§ **WHAT TO DO**
Without including any pictures, retype exactly the lines from the top of the records through the line containing "Gap Kids Hearts Blue Jeans Size 7 - photo 2", that final line included.

Image-caption web data:
BEGIN
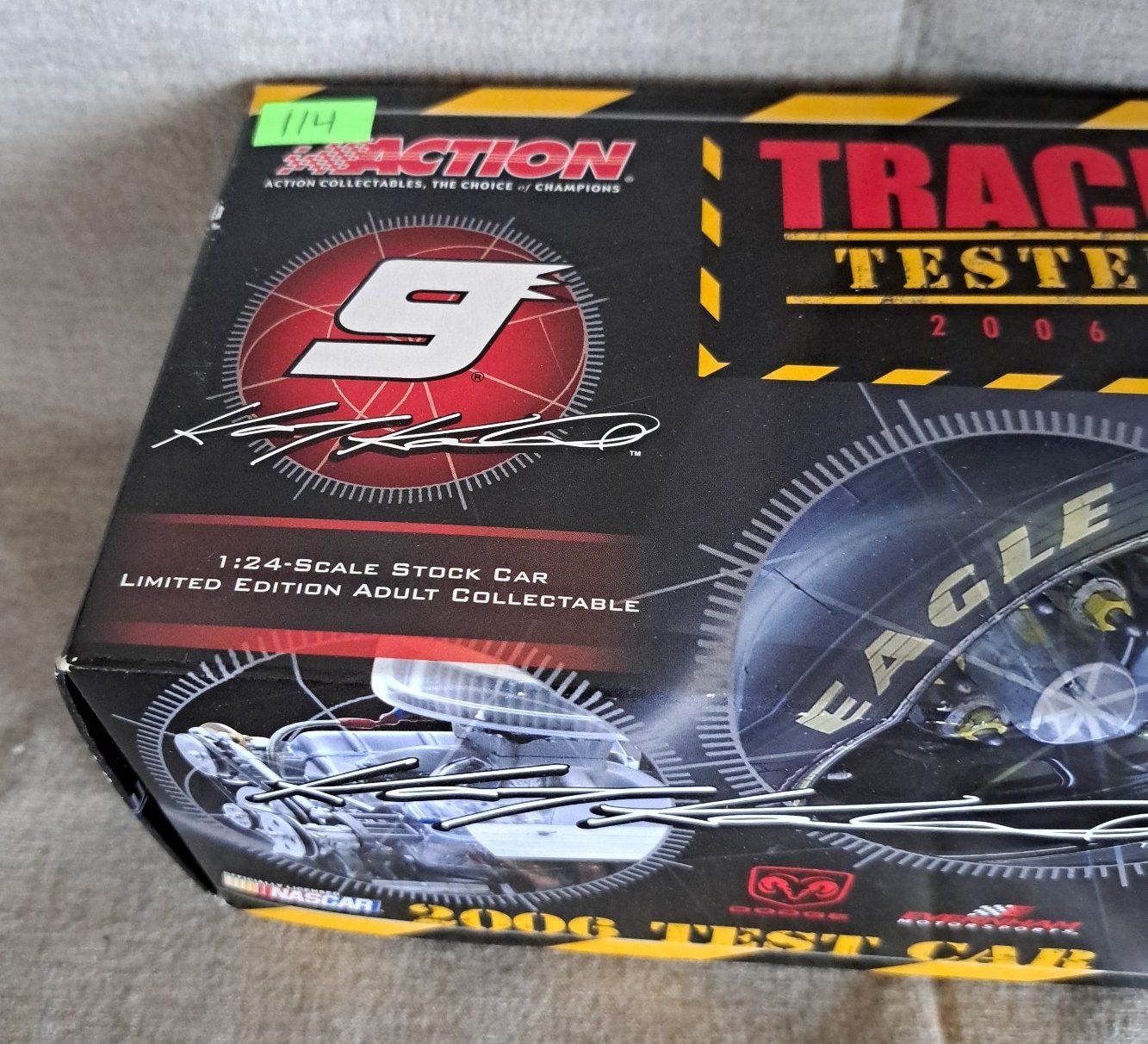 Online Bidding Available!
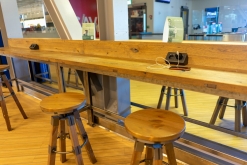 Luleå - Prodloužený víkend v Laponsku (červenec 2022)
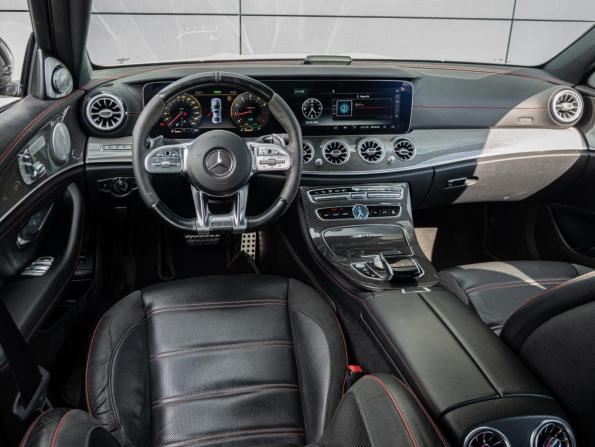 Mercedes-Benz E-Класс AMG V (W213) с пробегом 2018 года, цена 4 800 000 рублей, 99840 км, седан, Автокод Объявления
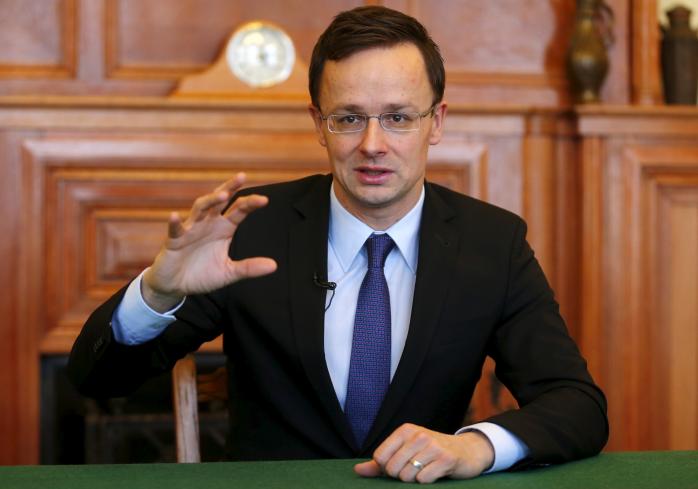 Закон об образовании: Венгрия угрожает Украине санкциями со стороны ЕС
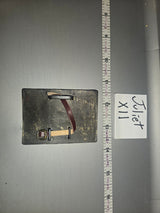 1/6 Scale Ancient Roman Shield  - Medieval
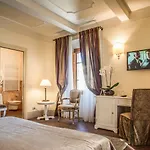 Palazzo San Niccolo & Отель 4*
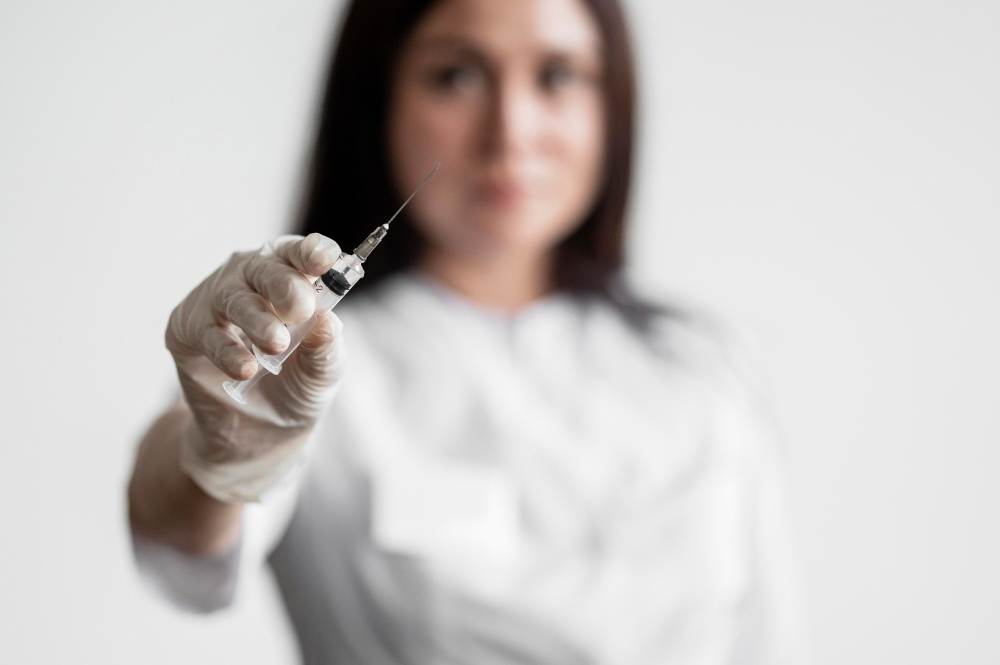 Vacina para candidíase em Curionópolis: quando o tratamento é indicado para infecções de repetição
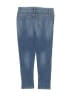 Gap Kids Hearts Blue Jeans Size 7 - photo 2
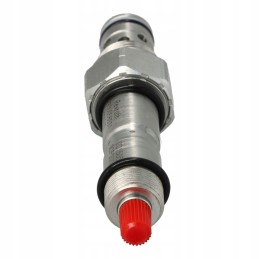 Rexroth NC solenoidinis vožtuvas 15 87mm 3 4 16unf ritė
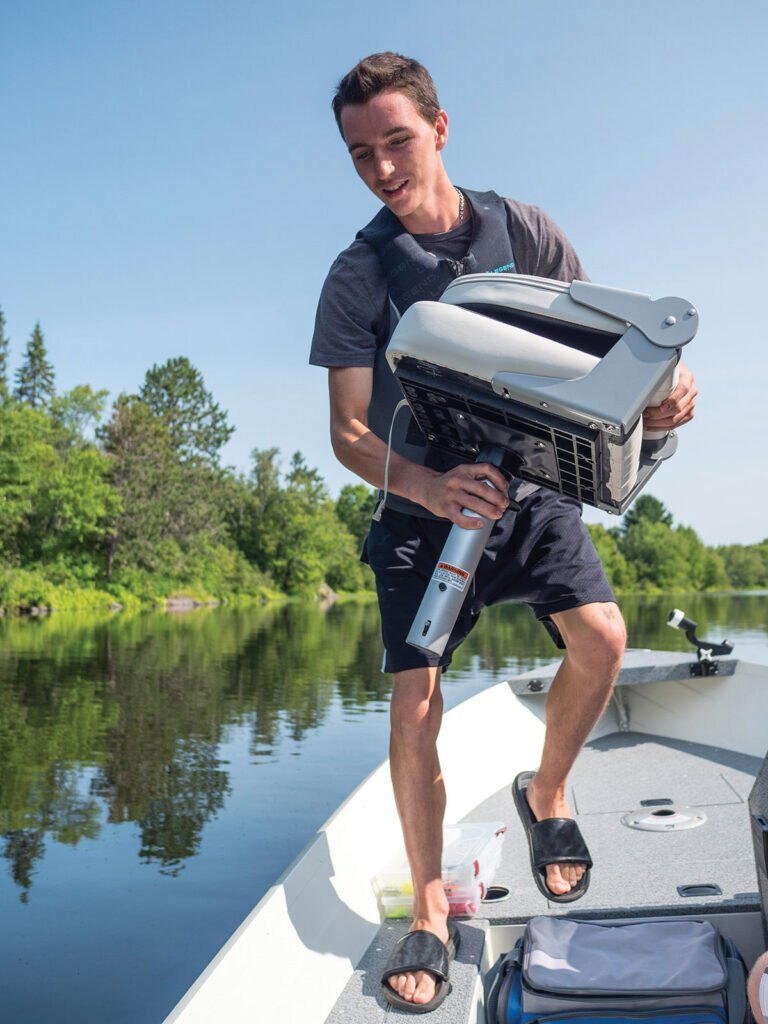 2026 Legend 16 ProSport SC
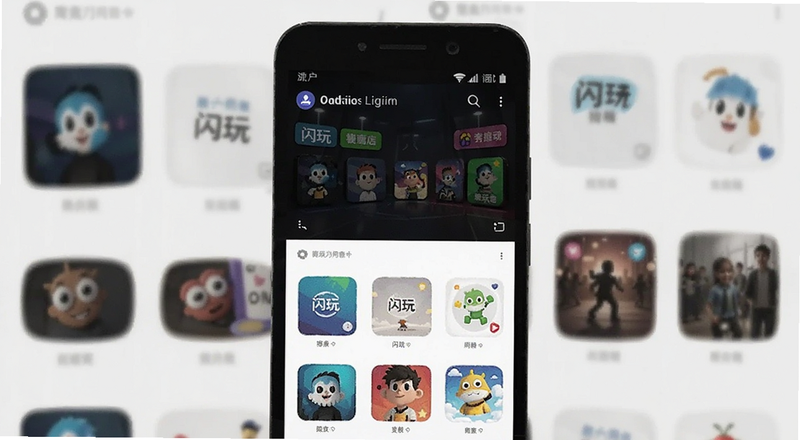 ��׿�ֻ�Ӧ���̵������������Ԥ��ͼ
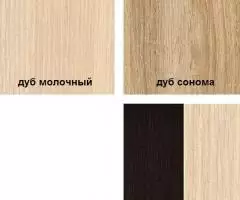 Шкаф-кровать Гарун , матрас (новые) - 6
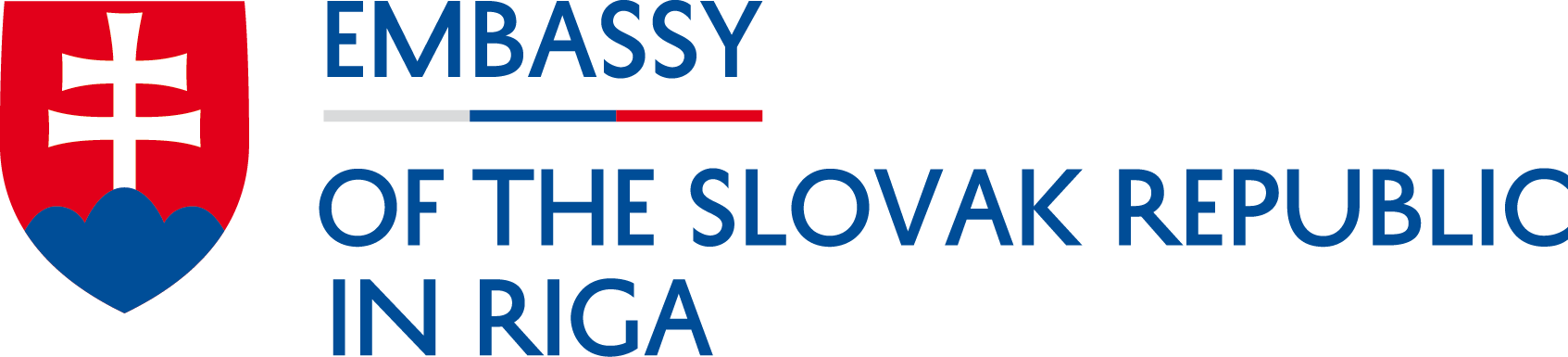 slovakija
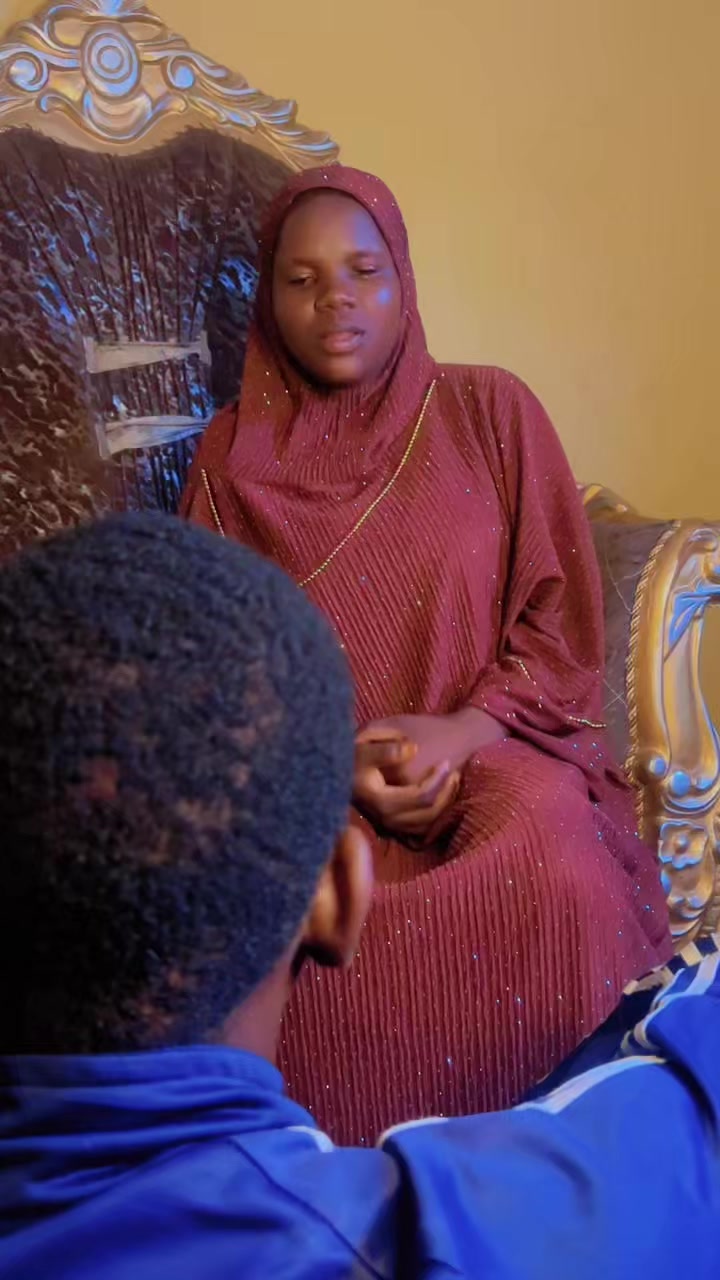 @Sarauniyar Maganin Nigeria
END
§ **REPLY TO THE TASK**
 Online Bidding Available!
 Luleå - Prodloužený víkend v Laponsku (červenec 2022)
 Mercedes-Benz E-Класс AMG V (W213) с пробегом 2018 года, цена 4 800 000 рублей, 99840 км, седан, Автокод Объявления
 Закон об образовании: Венгрия угрожает Украине санкциями со стороны ЕС
 1/6 Scale Ancient Roman Shield  - Medieval
 Palazzo San Niccolo & Отель 4*
 Vacina para candidíase em Curionópolis: quando o tratamento é indicado para infecções de repetição
 Gap Kids Hearts Blue Jeans Size 7 - photo 2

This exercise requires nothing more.